During a fireside chat, Workday Co-Founder and CEO Aneel Bhusri detailed the difficulty of hiring and developing quality managers during times of high growth. After reading Glassdoor reviews and sorting through extensive employee survey data, Workday’s senior leadership team realized that not all employees were having a consistent experience. To improve the employee-manager relationship and ensure all managers were leading with the same values, Workday brought together every people manager at the company in a People Leadership Summit. The summit’s goal was to develop better management skills and ensure a great experience for employees, lessons that leaders have put into practice on a daily basis.
Tim Ryan, U.S. chairman and senior partner at PwC, talked about a favorite initiative to make their workplace a more inclusive space for employees. PwC decided to stop requiring unconscious bias and diversity training, with the goal, paradoxically, of encouraging employees to do the training. Requiring it, Ryan said, makes unconscious bias training seem like just another check-the-box HR policy and doesn’t encourage real change across the organization. Instead, PwC tied unconscious bias training to new hires and promotions. This way, the skills needed to create more diverse teams come along with the leadership development journey instead of being a compliance requirement.

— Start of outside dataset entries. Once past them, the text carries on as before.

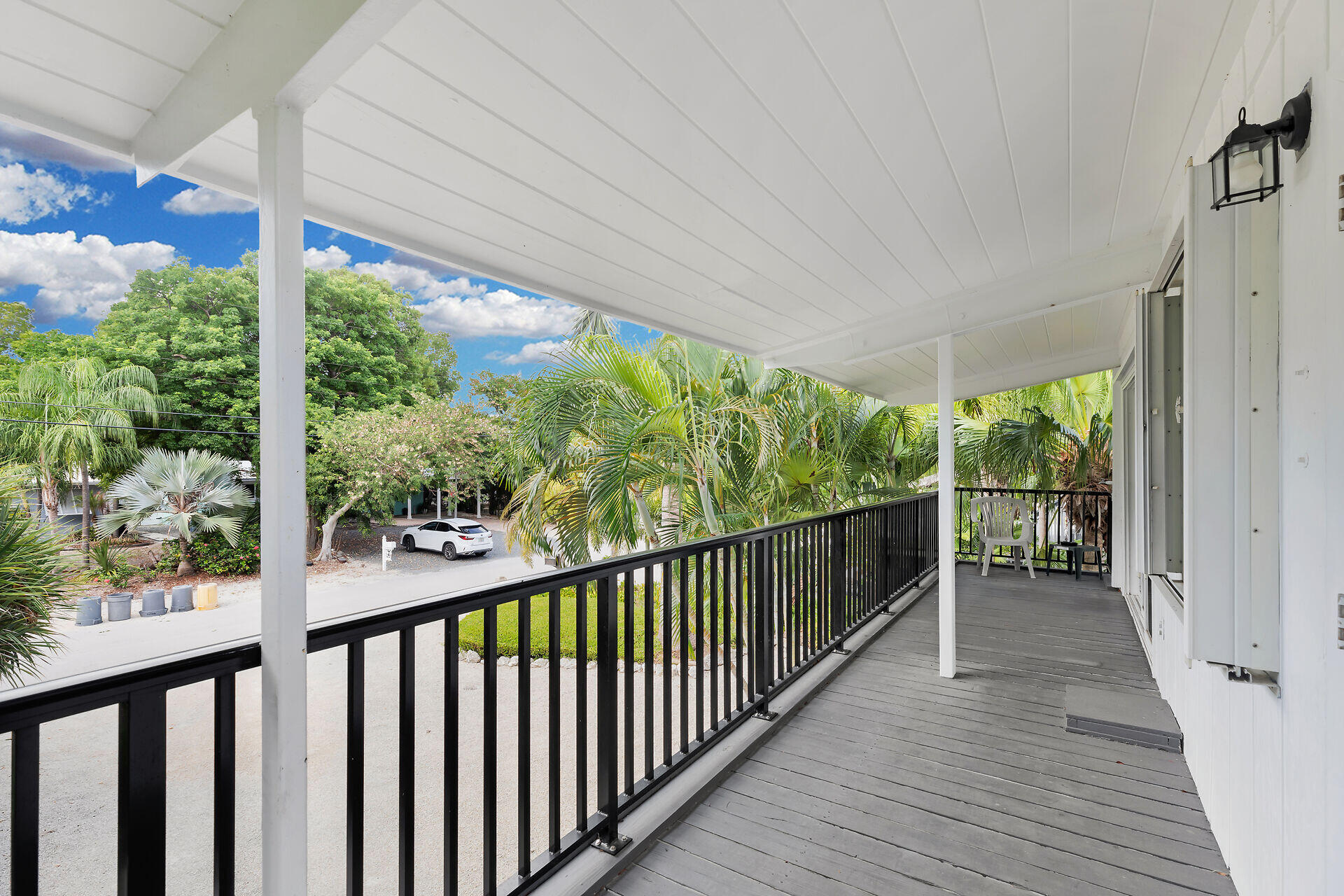 115 Fontaine Drive Property Photo 6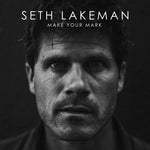Seth Lakeman - Make Your Mark (Vinyl)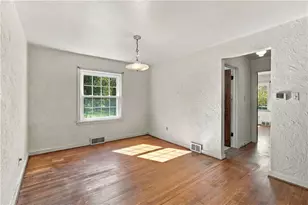 6309 State Route 88, Union Township, PA 15332 - Photo 12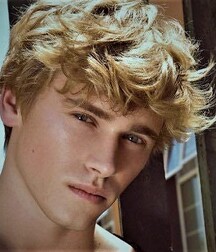 CUTE FACES FROM PROFILES BY GAY TUBE COLLECTION 5fa42d63e4a2d.jpg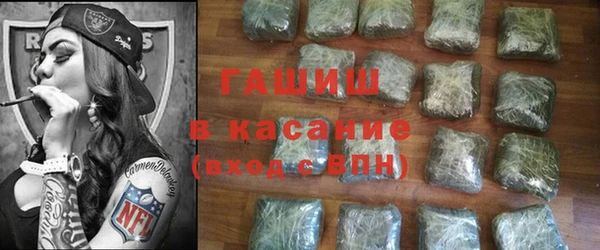 стаф Алексин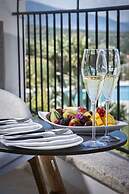 Sulia House Porto Rotondo, Curio Collection by Hilton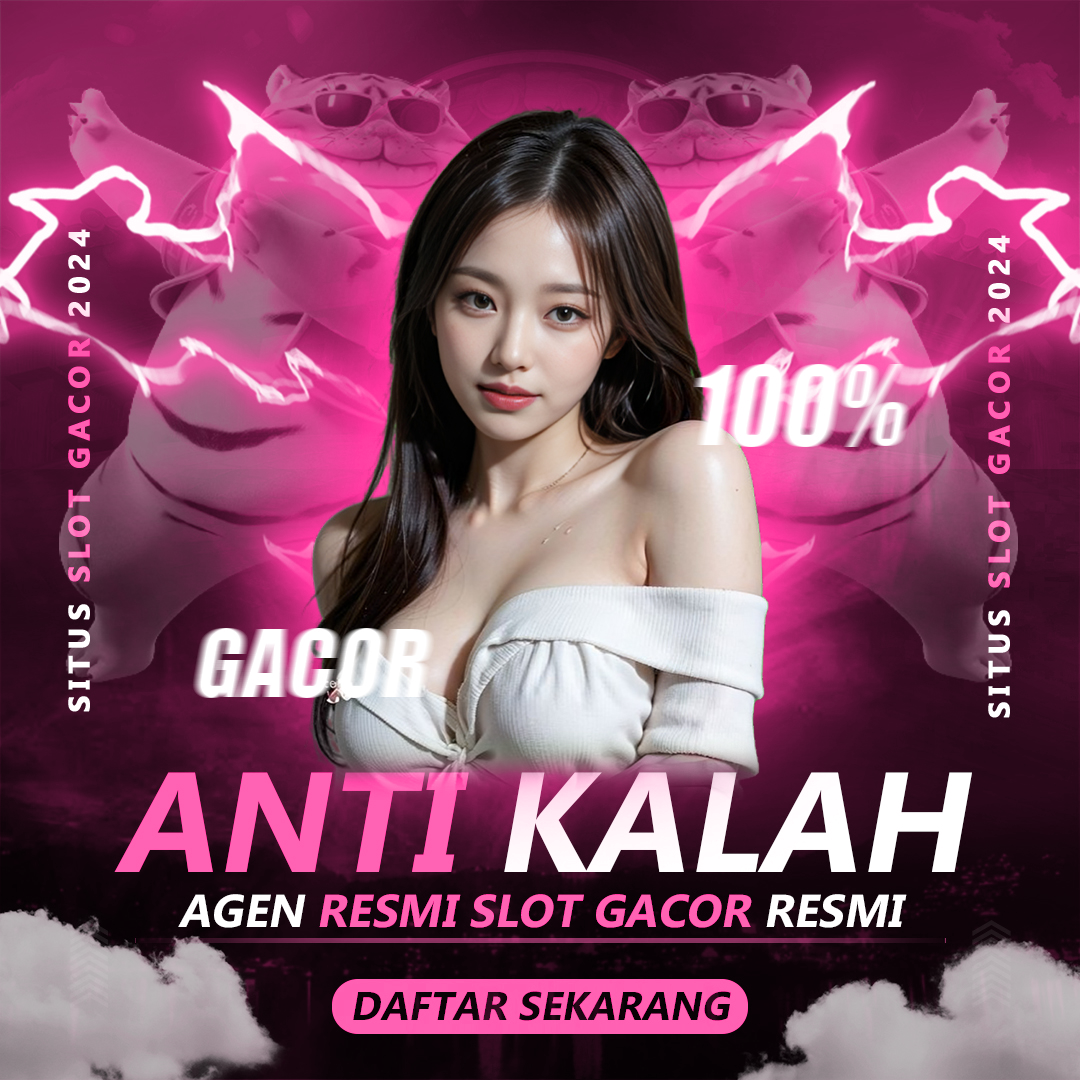 SLOT88 – Pilihan Slot Bet Kecil yang Menguntungkan dan Mudah Diakses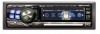 Reviews and ratings for Alpine 9965 - DVA - DVD Player
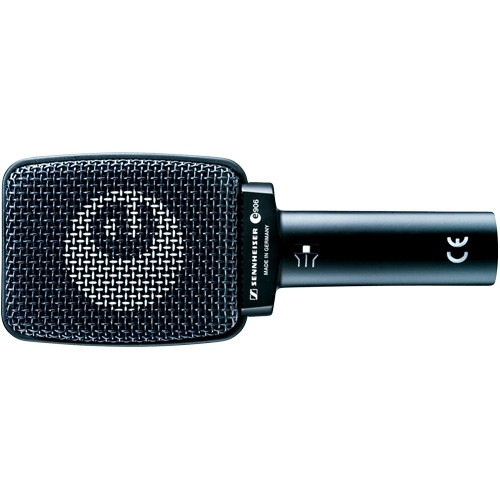 Sennheiser 500202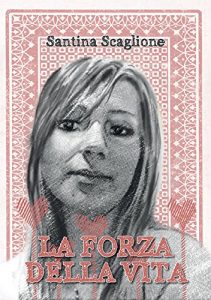 Baixar La forza della vita pdf, epub, eBook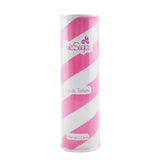 Pink Sugar Pink Sugar Eau De Toilette Spray 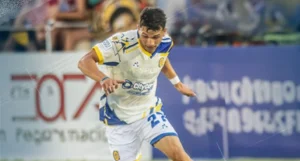 Rosario Central enfrenta a Lanús por la segunda fecha del Torneo Apertura.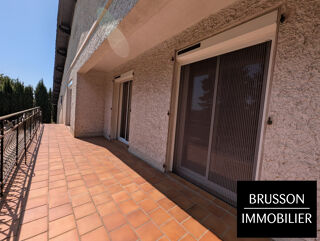  Maison à vendre 4 pièces 95 m²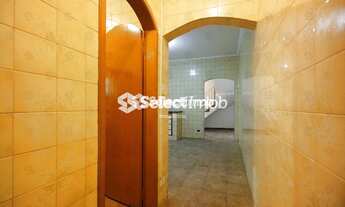 Imagem 7: Sobrado à Venda Guapituba - Mauá -SP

In a session on future-proofing your business, Atlassian global head of diversity and inclusion Aubrey Blanche talked about building diverse teams at scale. Atlassian, an Australian company with offices around the world, relies on data to ensure diverse and inclusive teams in every region. Blanche shared an example of a hiring problem they were facing in Australia where there were far less women than men in technical roles.
In order to attract more women, Atlassian used technology to uncover unconscious bias in their job descriptions, standardized interviews by asking all candidates the exact same questions, and hired for “value fit” instead of “culture fit,” seeking to avoid only hiring people similar to current employees. After making these seemingly minor changes, the percentage of women applying for technical jobs increased by ten percent.
Salesforce chief equality officer Tony Prophet said he believes that in order to feel empowered to grow and thrive at your company, you need to feel like you’re a part of a community. This is why Salesforce established Ohanas (a nod to Marc Benioff’s love of Hawaii), for people with similar backgrounds or interests within the company. Instead of being exclusive, however, Ohana groups encourage allies (those who don’t necessarily share a certain identity) to join in the hopes of encouraging more open conversations about traditionally charged issues such as gender, race, sexuality, and religion.
During his closing keynote, Prophet summarized the sentiment of the conference by sharing the five leadership principles he uses to guide his work: lead with equality; have brave conversations; practice inclusion in promotions; celebrate and bond with everyone in mind.
All told, it was an inspiring, energizing conference that gave attendees more tools to create a great place to work—for all.